[Records for processing]
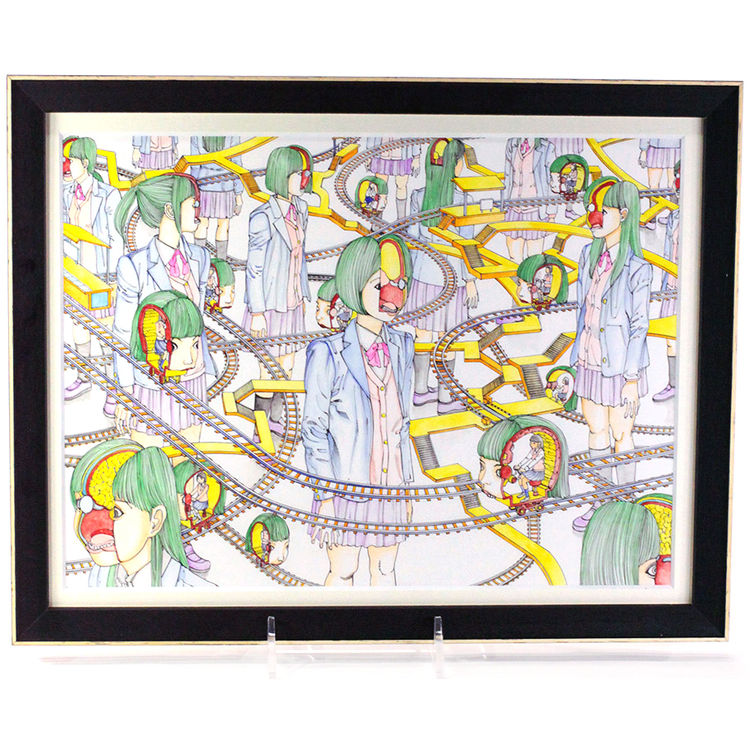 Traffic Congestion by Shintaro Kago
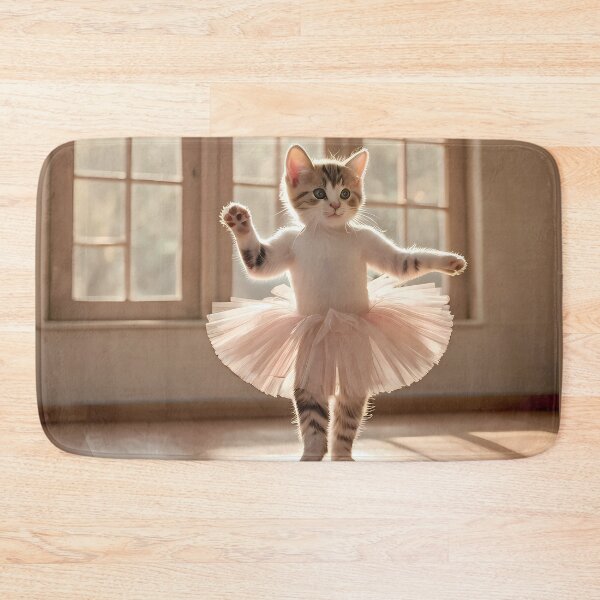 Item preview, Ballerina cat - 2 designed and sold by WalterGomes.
* * *
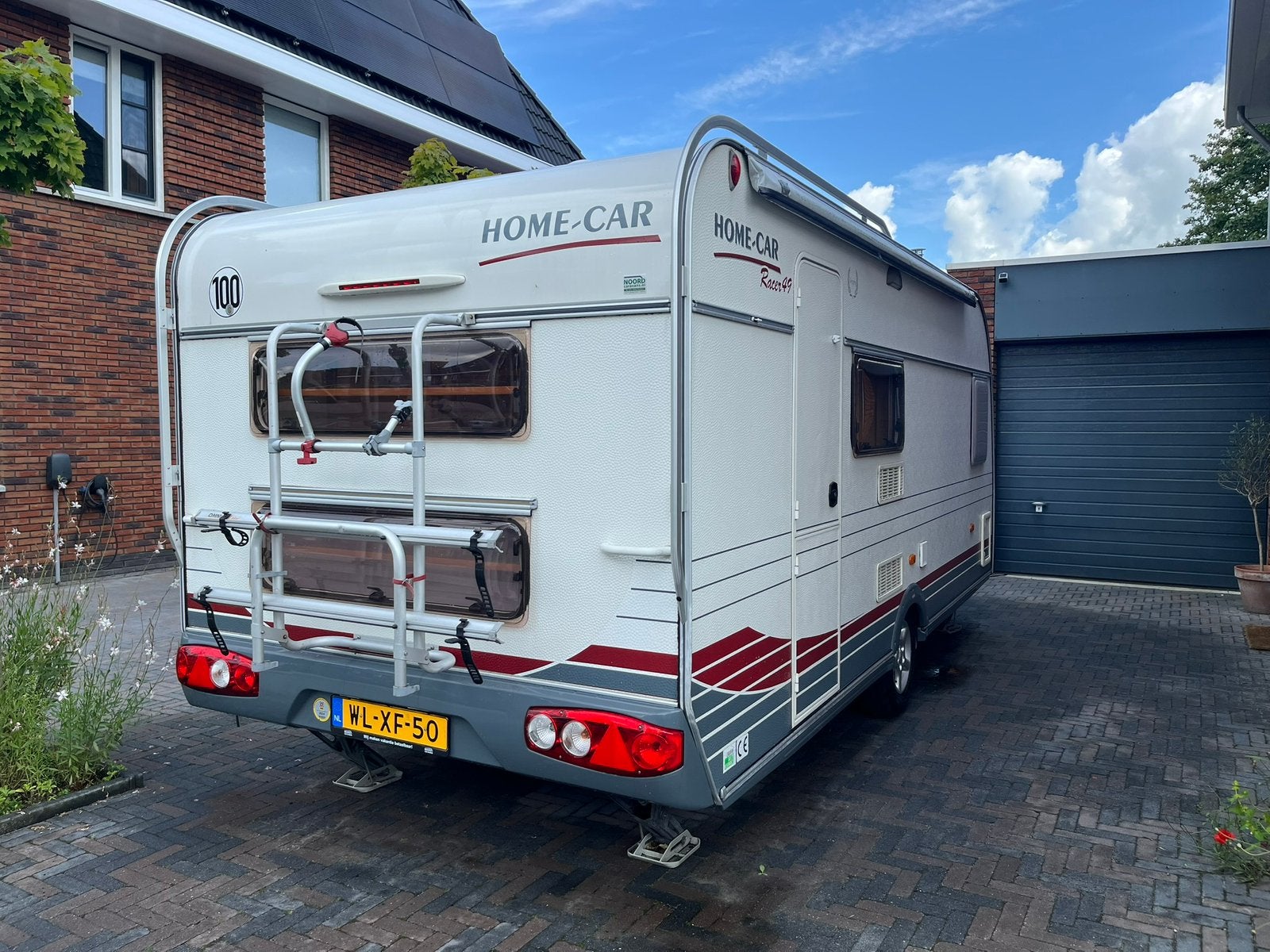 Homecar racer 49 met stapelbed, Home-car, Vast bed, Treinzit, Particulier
--
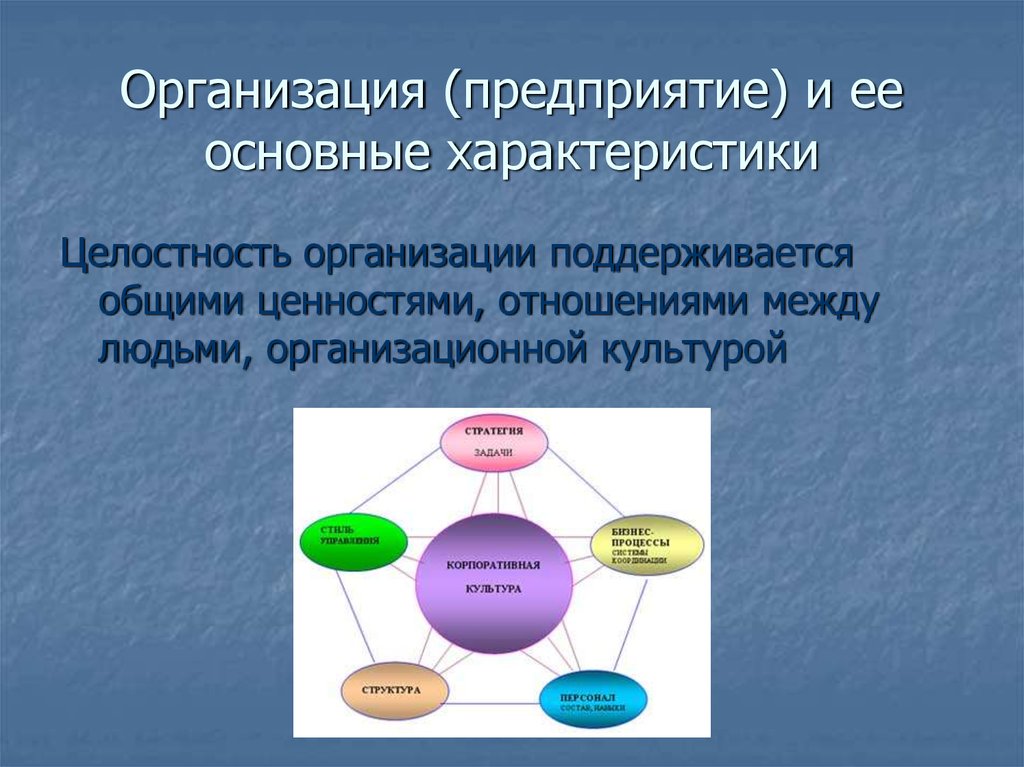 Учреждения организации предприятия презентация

[What needs to be done] The material above holds pictures; leave them out and set down exactly the lines from the line with "Traffic Congestion by Shintaro Kago" to the line with "Item preview, Ballerina", both included.

[Solved exercise]
 Traffic Congestion by Shintaro Kago
 Item preview, Ballerina cat - 2 designed and sold by WalterGomes.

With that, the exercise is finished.